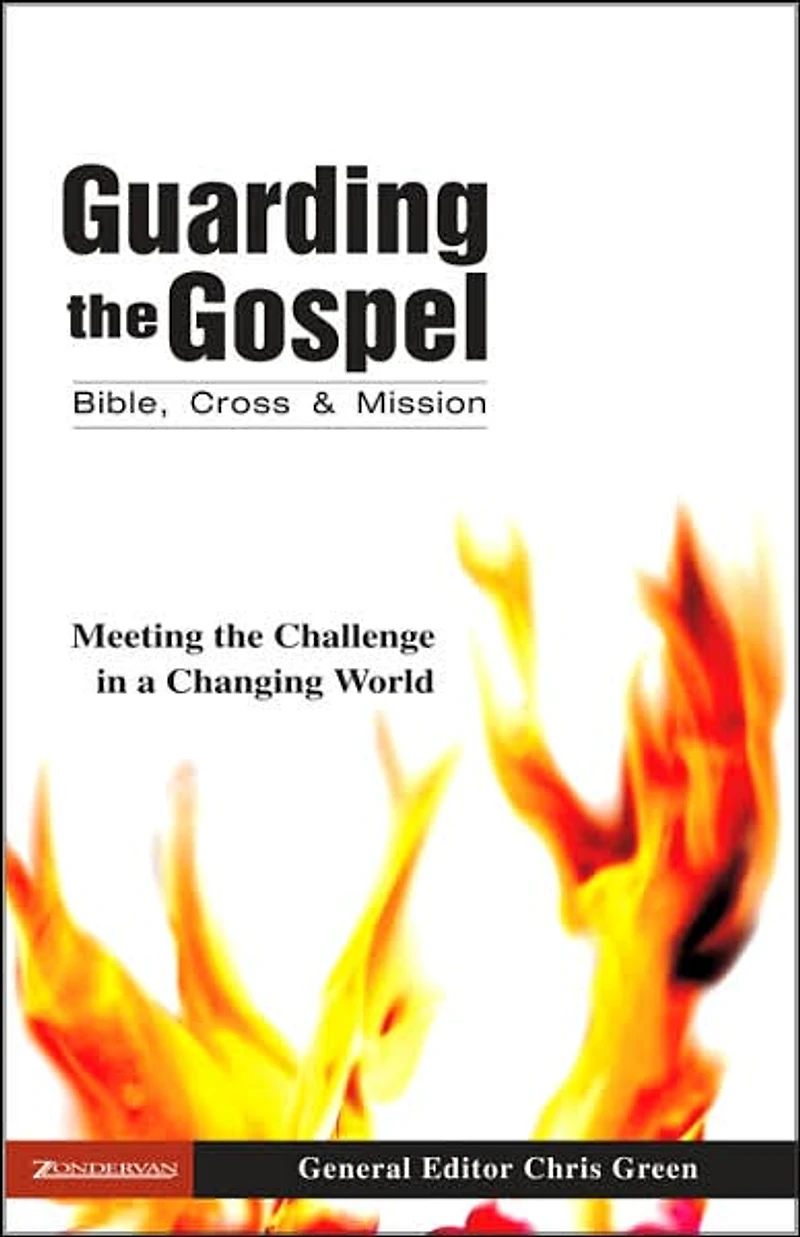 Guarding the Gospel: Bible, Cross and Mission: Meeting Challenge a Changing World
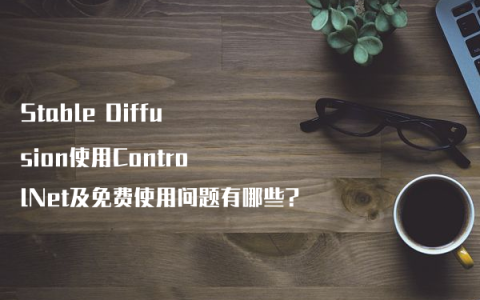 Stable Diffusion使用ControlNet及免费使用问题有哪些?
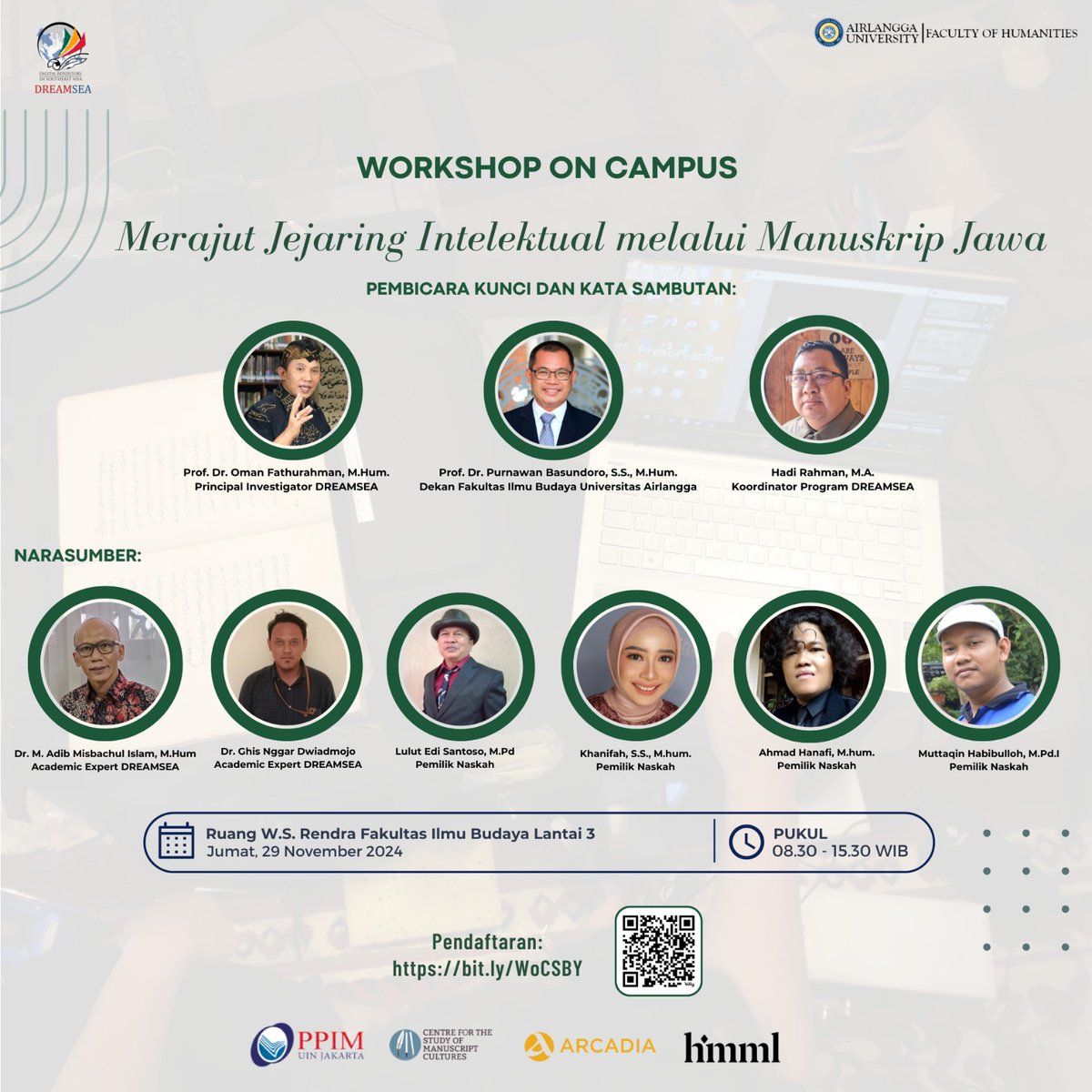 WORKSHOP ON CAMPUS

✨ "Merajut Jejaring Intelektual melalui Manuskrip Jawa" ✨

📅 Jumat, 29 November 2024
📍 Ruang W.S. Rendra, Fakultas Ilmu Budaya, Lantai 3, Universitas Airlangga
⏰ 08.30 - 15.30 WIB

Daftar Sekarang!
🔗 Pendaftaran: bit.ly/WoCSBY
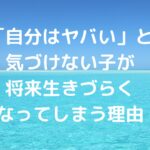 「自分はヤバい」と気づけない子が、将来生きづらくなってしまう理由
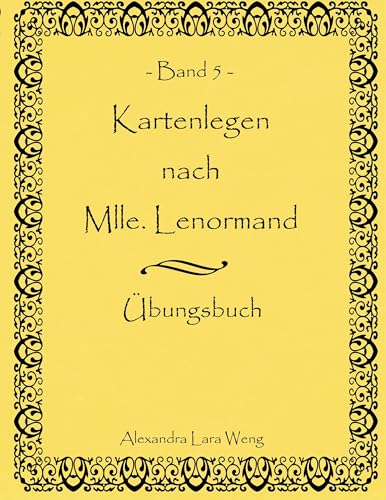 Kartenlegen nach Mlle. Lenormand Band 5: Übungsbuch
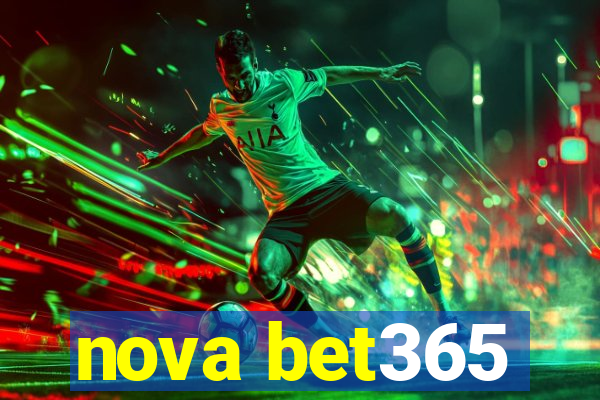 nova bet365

==

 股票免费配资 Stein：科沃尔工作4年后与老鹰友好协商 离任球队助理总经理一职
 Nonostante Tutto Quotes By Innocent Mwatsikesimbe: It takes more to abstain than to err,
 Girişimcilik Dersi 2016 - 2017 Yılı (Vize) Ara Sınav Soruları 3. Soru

- WORK ITEM: Print everything from the line with "- 15.30 WIB" down to the line with "nova bet365" in the entries above, both lines included and nothing more, without the pictures.

- TASK ANSWER:
⏰ 08.30 - 15.30 WIB

Daftar Sekarang!
🔗 Pendaftaran: bit.ly/WoCSBY
 「自分はヤバい」と気づけない子が、将来生きづらくなってしまう理由
 Kartenlegen nach Mlle. Lenormand Band 5: Übungsbuch
 nova bet365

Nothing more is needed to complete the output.